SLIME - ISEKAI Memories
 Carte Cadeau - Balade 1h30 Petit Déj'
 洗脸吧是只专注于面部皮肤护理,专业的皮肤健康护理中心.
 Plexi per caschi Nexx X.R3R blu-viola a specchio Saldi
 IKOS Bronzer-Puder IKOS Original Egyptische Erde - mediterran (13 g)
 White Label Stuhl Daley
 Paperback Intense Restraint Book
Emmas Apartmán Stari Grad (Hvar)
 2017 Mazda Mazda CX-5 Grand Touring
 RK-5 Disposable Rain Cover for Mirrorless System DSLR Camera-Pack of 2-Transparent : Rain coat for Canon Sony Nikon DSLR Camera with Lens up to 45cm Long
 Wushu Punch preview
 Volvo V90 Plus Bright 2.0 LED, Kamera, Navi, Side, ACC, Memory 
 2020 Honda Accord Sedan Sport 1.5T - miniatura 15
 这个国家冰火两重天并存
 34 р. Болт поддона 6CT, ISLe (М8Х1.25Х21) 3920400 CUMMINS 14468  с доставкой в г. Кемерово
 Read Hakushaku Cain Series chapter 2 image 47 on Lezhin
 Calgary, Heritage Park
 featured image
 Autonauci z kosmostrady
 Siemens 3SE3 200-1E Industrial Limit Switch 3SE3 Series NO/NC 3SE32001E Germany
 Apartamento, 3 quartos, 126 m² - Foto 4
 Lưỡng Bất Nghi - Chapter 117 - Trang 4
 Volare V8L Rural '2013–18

PROBLEM STATEMENT:
Scan the data above and copy every line with "Series" in it.

RESPONSE BOX:
 Read Hakushaku Cain Series chapter 2 image 47 on Lezhin
 Siemens 3SE3 200-1E Industrial Limit Switch 3SE3 Series NO/NC 3SE32001E Germany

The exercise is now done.